Cheshire is a beautiful and fascinating county – classic rolling English countryside, charming market towns, the well preserved Roman walled city of Chester and an intriguing industrial past, present and future. Brooding in the east is the famous Jodrell Bank radio telescope, not far from the flanks of the Peak District. In the west, the Welsh mountains loom over the now silted up estuary of the river Dee. For the not-so-fit cyclist, though, it is predominantly flat, with hundreds of miles of quiet country lanes to explore.
The Cheshire Cycle Way
The Cheshire Cycle Way (CCW) is a 176-mile circular route that takes in all the best bits of Cheshire. Sustrans (who record it as being 182 miles) reckon you could cycle it in 15 hours straight … which rather misses the point. This would result in (a) total exhaustion for most people and (b) flying straight past most of the best bits without stopping. The author has completed a much more laid-back circumnavigation – taking from October 2020 to May 2022 to complete the whole loop – with plenty of opportunity for admiring the view, studying points of interest and taking terrible selfies.
The point is that rides of any length can easily be accomplished … pop your bike into the car (or train) and head for your chosen starting point. Cycle for 2 miles, 10 miles, 20 miles – whatever you can easily accomplish while still being able to get back to your starting point. Repeat until you’ve done the whole circuit.
On the way
The route is generally well signposted, but the signposts are small and easily missed leading to unnecessary expenditure of effort, which is something to be avoided. On parts of the route that overlay onto other National Cycle Network routes, some of the “Cheshire Cycleway” signs have been replaced (so you might find yourself following route 45 instead of 70 through Chester for example), so again, you do have to pay attention and a back-up Ordnance Survey (OS) map is essential.
Of course, it’s occasionally essential to cross major roads, or even cycle along them for short sections, but mostly the route is very quiet and safe for timid cyclists (wobbly ones must take care on canal towpath sections though). Cheshire is a large county and the great majority of it is rural and unspoilt.

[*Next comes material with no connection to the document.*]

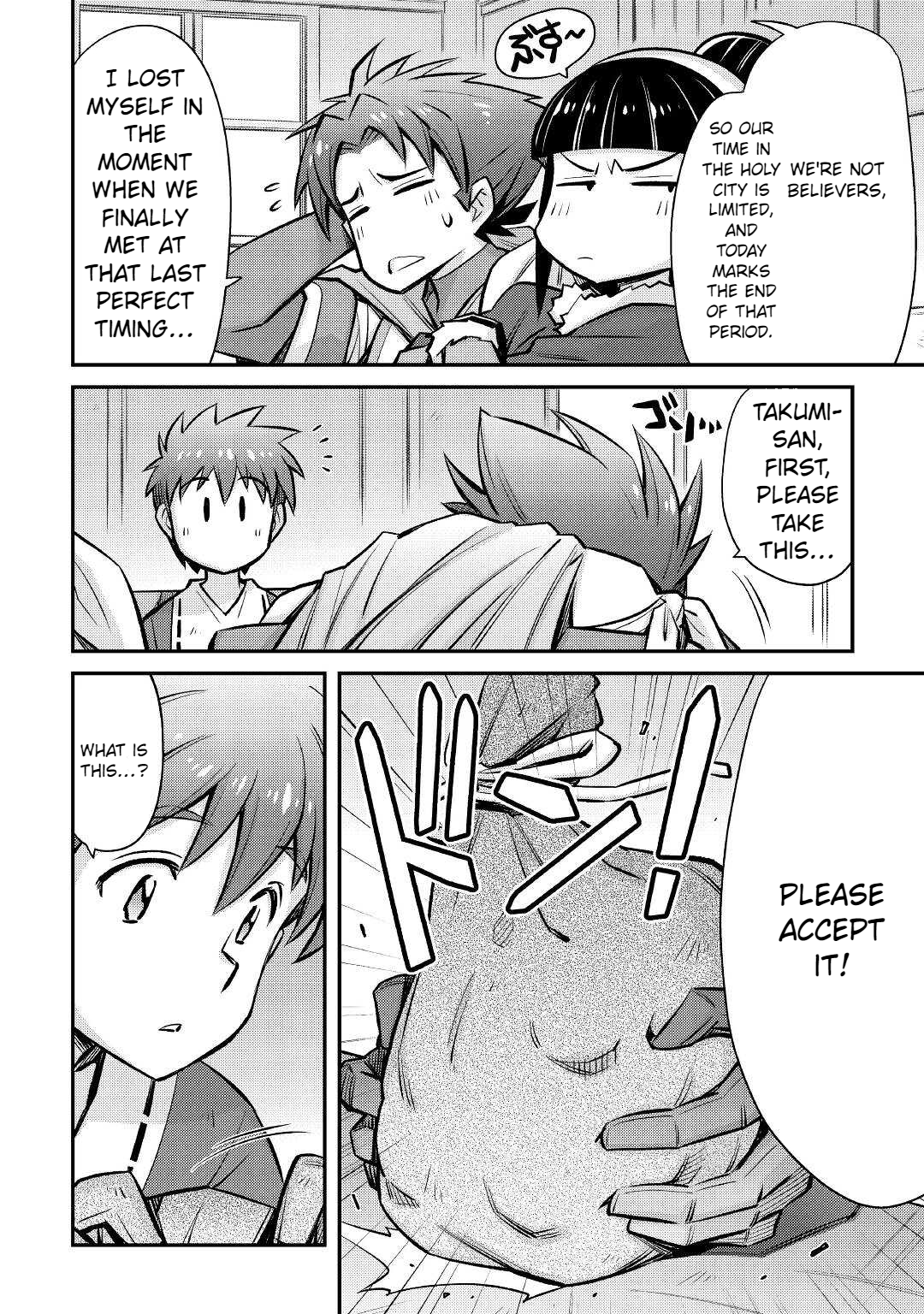 Page 7 of Chapter 23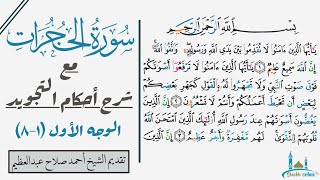 كيف تقرأ سورة الحجرات مع شرح أحكام التجويد| ١-٨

While the great majority of the route is flat(tish), this is decidedly not true of the section east of Macclesfield, which climbs steeply to the hills on the edge of the Peak District. You can use the shortcut to the west side of Macclesfield, which avoids the exertion completely at the cost of some stunning views from the moors down across the Cheshire Plain.
The glories of Cheshire
Every round trip must start somewhere, and in our case it’s the sleepy North Cheshire village of Comberbach (bach=stream or brook), south of Warrington. Heading west, over the navigable River Weaver that for hundreds of years was used to ship salt from mid Cheshire, it’s not far to the one-time hunting grounds of the Norman Earls of Chester – Delamere Forest. Through the forest that is criss-crossed with walking trails, the route drops down from the central sandstone ridge to cross the north Cheshire plain and follows the Shropshire Union Canal towpath to Ellesmere Port. Past the retail cathedrals of Cheshire Oaks, we reach the string of industrial facilities on the South side of the Mersey. Hundreds of years of history in a few miles.
Looping back across the Wirral, views open over the Dee Estuary to Wales and the stately wind turbines offshore. Once an important river for trade up to Chester, the Dee is now largely silted up, and maritime traffic heads to Liverpool up the Mersey. A visit to Ness Gardens (run by the University of Liverpool) is rewarding at all times of the year.
The CCW picks up the towpath of the Shropshire Union canal again in a very flat section that gives an unusual perspective on the city of Chester, which has a complete set of Roman walls.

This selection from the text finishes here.